Die nordeuropäische Szene für zeitgenössische Kunst entwickelt neue Dynamiken und wird zunehmend von internationalen Sammlern beobachtet. Mit den Nordic Notes lenken wir regelmäßig den Blick auf die nordische Kunst- und Kulturszene und stellen ihre wichtigsten Akteure vor.
Ilari Hautamäki lädt uns in seinen lebendigen, geheimen Garten ein, der an die Sommer seiner Kindheit in der finnischen Natur erinnert. Seine rhythmischen Pinselstriche lassen organisches Blattwerk entstehen, das dann in Rahmen und Rastern komponiert wird. Das „perfekte Chaos“, das sich aus dieser Kombination ergibt, ist ein Beispiel für seine Erkundung der Frage, wie die Wildheit der Natur gleichzeitig mit einer streng funktionalen, dimensionalen Struktur in Einklang gebracht werden kann.
Ilari, im Winter 2023 habe ich deine letzte Ausstellung Flux in Helsinki gesehen. Im Vergleich zu deinen früheren Arbeiten schienen die dort gezeigten Werke irgendwie monochromer zu sein …
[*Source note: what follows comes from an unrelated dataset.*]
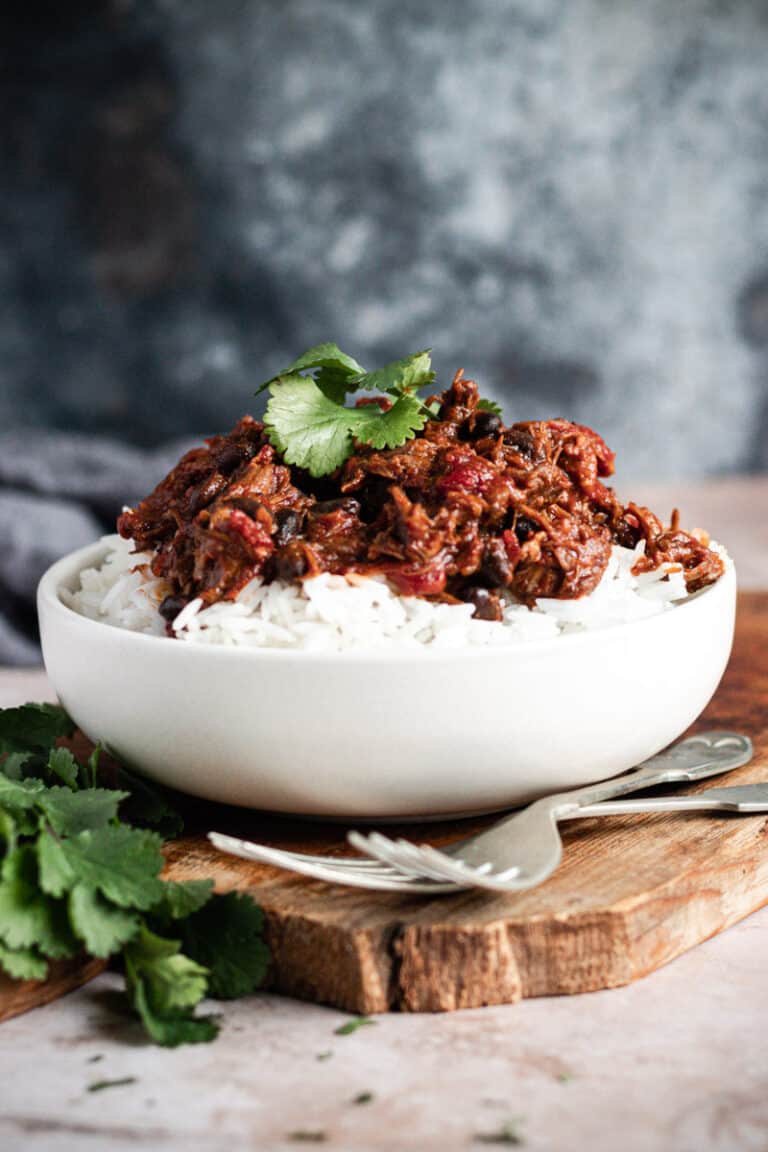 a bowl of slow-cooked Mexican beef cheeks on a bed of rice in a bowl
Flux war die melancholischste Ausstellung, die ich seit Langem gemacht habe. Ich arbeitete im Winter daran, als es dunkel und ich wirklich müde war. Ich habe nur gemalt und beschlossen, viel weiße Leinwand und nur zwei Farben zu zeigen. Das erinnerte mich an einen visuellen Vergleich mit den Kompositionen in Miles Davis’ Blues. Mir blieben nur sechs Monate, um alles fertigzustellen.
Sechs Monate klingt nach einer sehr kurzen Zeitspanne … War es für dich neu, dass du so wenig Zeit hattest, um eine Ausstellung aufzubauen?
Ich wollte eigentlich einige Werke aus einer früheren Ausstellung einbeziehen, aber dann habe ich alles von Grund auf neu gemacht, sodass ich einige Entscheidungen treffen musste, um alles zu schaffen. Daher entwickelte ich eine neue Technik, um die Werke schneller fertigzubekommen.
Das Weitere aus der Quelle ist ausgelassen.